First, there's this blog explaining what HLD is http://blog.anudeep2011.com/heavy-light-decomposition/, but it doesn't contain full code. Also it uses LCA for queries, which is absolutely unnecessary and complicates things too much.

Second, there's this implementation https://sites.google.com/site/indy256/algo/heavy_light. OK, complete working code, and it doesn't use LCA. But it has too many arrays. Way too many!
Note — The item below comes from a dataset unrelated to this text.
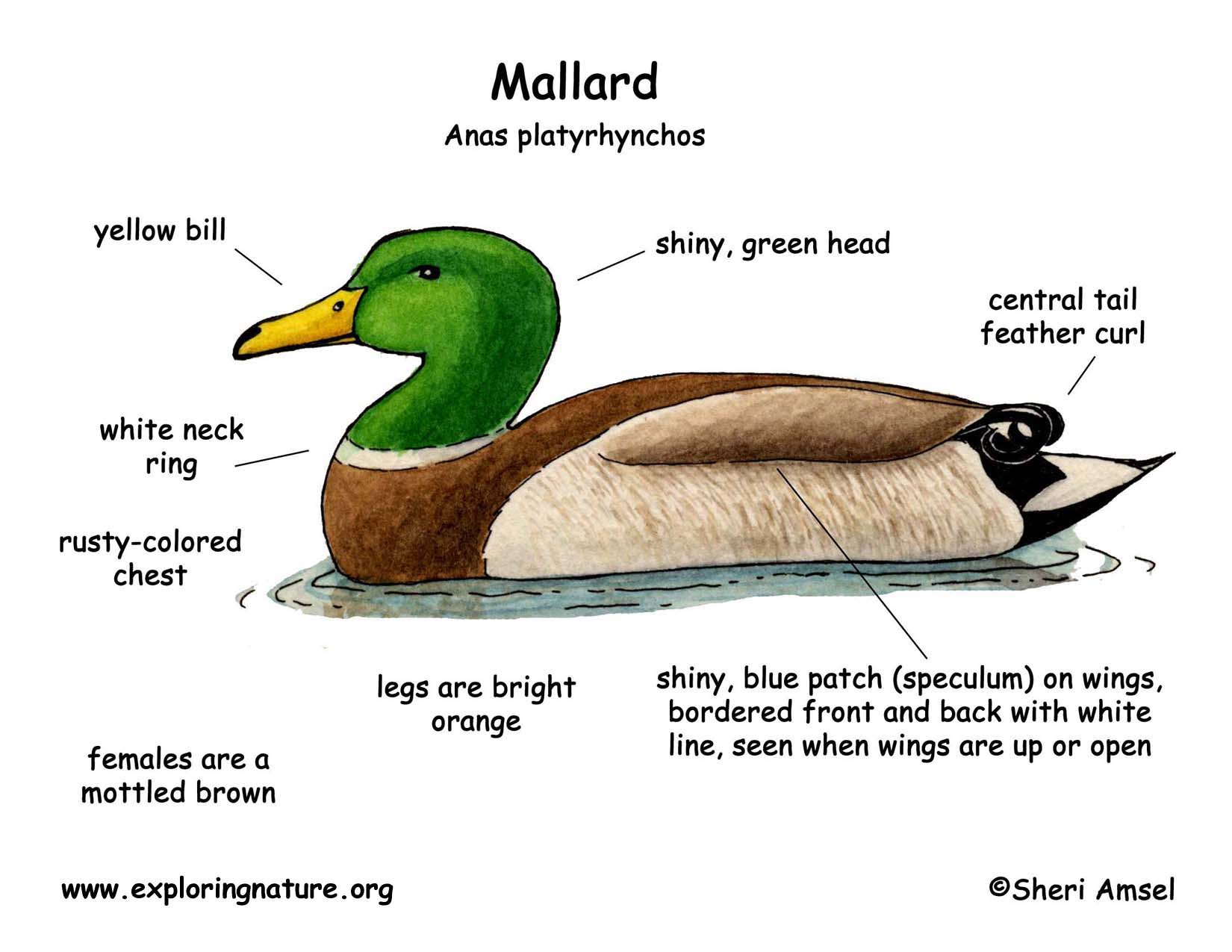 Mallard coloring #11, Download drawings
Also it's mixed with segment tree code, and I'd rather separate the logic.

Third, there's this post http://apps.topcoder.com/forums/?module=Thread&threadID=796128&start=0&mc=8. So far the best looking code, but it has only LCA method and no path query handling, which is the point of HLD. So, I refined the code and added missing parts.
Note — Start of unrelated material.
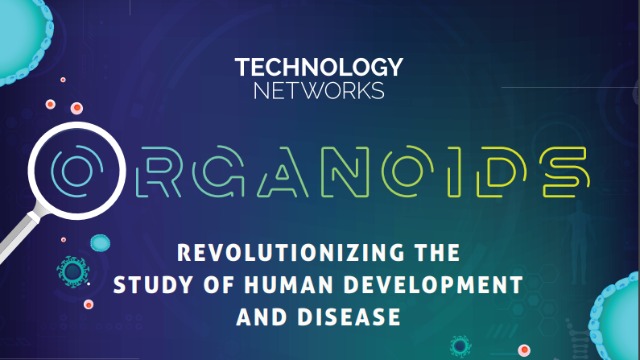 Organoids – Revolutionizing the Study of Human Development and Disease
The code is probably too simple to explain it, but not well tested yet. Graph can be represented for example as vector<vector<int>>. I use single segment tree for all the chains. Creating separate trees makes code harder to read and also slower (at least in my experiment). For a good segment tree implementation you can look here: http://codeforces.com/blog/entry/18051.

template <class T, int V>
class HeavyLight {
  int parent[V], heavy[V], depth[V];
  int root[V], treePos[V];
  SegmentTree<T> tree;

  template<class G>
  int dfs(const G& graph, int v) {
    int size = 1, maxSubtree = 0;
    for (int u : graph[v]) if (u != parent[v]) {
      parent[u] = v;
      depth[u] = depth[v] + 1;
      int subtree = dfs(graph, u);
      if (subtree > maxSubtree) heavy[v] = u, maxSubtree = subtree;
      size += subtree;
    }
    return size;
  }

  template <class BinaryOperation>
  void processPath(int u, int v, BinaryOperation op) {
    for (; root[u] != root[v]; v = parent[root[v]]) {
      if (depth[root[u]] > depth[root[v]]) swap(u, v);
      op(treePos[root[v]], treePos[v] + 1);
    }
    if (depth[u] > depth[v]) swap(u, v);
    op(treePos[u], treePos[v] + 1);
  }

public:
  template <class G>
  void init(const G& graph) {
    int n = graph.size();
    fill_n(heavy, n, -1);
    parent[0] = -1;
    depth[0] = 0;
    dfs(graph, 0);
    for (int i = 0, currentPos = 0; i < n; ++i)
      if (parent[i] == -1 || heavy[parent[i]] != i)
        for (int j = i; j != -1; j = heavy[j]) {
          root[j] = i;
          treePos[j] = currentPos++;
        }
    tree.init(n);
  }

  void set(int v, const T& value) {
    tree.set(treePos[v], value);
  }

  void modifyPath(int u, int v, const T& value) {
    processPath(u, v, [this, &value](int l, int r) { tree.modify(l, r, value); });
  }

  T queryPath(int u, int v) {
    T res = T();
    processPath(u, v, [this, &res](int l, int r) { res.add(tree.query(l, r)); });
    return res;
  }
};